Trump announced in March he would end India's access to the decades-old Generalized System of Preferences (GSP) trade programme over what the US said was lack of access to India's market. The programme allows emerging countries to export goods to the United States without paying duties.
"I have determined that India has not assured the United States that India will provide equitable and reasonable access to its markets," Trump said in a statement on Friday.
The US law requires the administration to wait 60 days after it notifies Congress of the move before it formally ends India's participation in the programme. Trump notified Congress of the move in early March.
"There is every reason to believe that GSP suspension will move forward," the official told reporters. "What is important is that the interest is to resolve trade irritants - to ensure fair and equitable market access," the official added.

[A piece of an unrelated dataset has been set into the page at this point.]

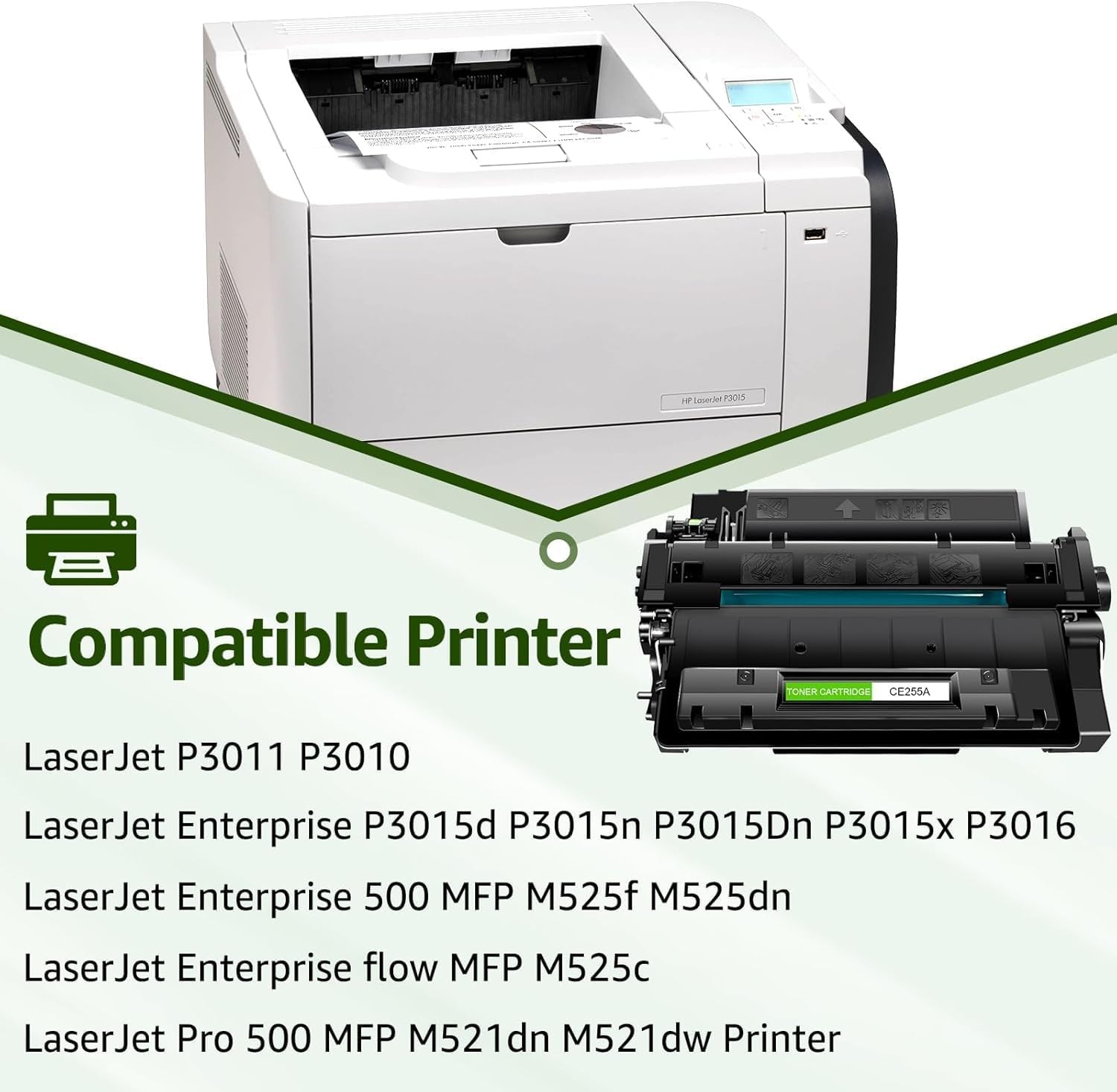 2PK CE255A Toner Compatible for HP LaserJet Pro P3010 P3011 P3015 P3015DN P3015X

But the official said the benefits could be restored if India gave US companies fair and equitable access to its markets.
India is the biggest beneficiary of the GSP, which allows preferential duty-free imports of up to $5.6 billion from the South Asian nation.
Indian officials have raised the prospect of higher import duties on more than 20 US goods if Trump drops India from the program.
Twenty-four members of the US Congress sent the administration a letter on May 3 urging it not to terminate India's access to the GSP.